In the five years to June 2019, the government said it had lost 2.9 million civil servants, 6.3 million public sector employees and 6.2 million public and private sector employees due to graft.
The country’s economy is still in recovery from the 2008-09 global financial crisis and has been recovering in every year since.
The government says it has made significant progress in tackling graft and corruption in the last five years.
However, the country has not yet eliminated the problem.
The last government that held office from May 2020 until February 2021 said it has reduced the number of public sector civil servants to 7.2 lakh, down from 12 lakh in 2017.

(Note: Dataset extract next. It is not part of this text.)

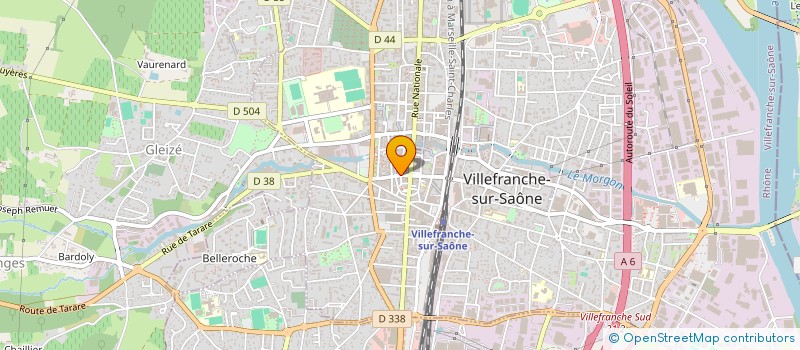localisation de l'entreprise MADAME ELIANE JOMARD à VILLEFRANCHE-SUR-SAONE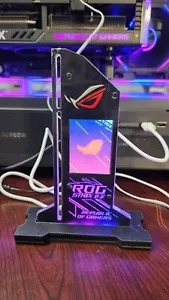 Graphics card GPU Bracket 2.4" LCD RGB CPU GPU RAM Monitor READ DESCRIPTION - Picture 1 of 8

The number of private sector civil servant has fallen from 3.1 lakh in 2020 to 2.8 lakh in 2021.
The total number of civil servants in public and state governments has also declined from 9.7 lakh to 6.7 million.
The overall number of employees has remained stable.
However in the first quarter of 2021, the ministry of home affairs (MHA) said there were 4,715 graft cases against 8,924 civil servants and 2,827 public sector personnel, down slightly from the previous quarter.
The country’s civil servants are also more likely to face corruption charges in their cases than the civil servants from other ministries.
In its first quarter report, the MHA said it was investigating 2,531 cases against 5,071 employees, down by 2.2% from the first three quarters of the year.
The previous quarter, there were 5,913 cases against 3,891 employees.
In a recent report, a UPA government-appointed committee said India was witnessing the biggest surge in corruption since the 1980s.
In recent years, corruption has increased as a result of the emergence of political parties and NGOs, and the emergence in the 1980-92 period of “soft power”, which included money laundering, bribery and other illicit activities.
The report said that while the government is fighting corruption through aggressive anti-graft measures, it is also fighting the spread of corruption through “toxic” practices.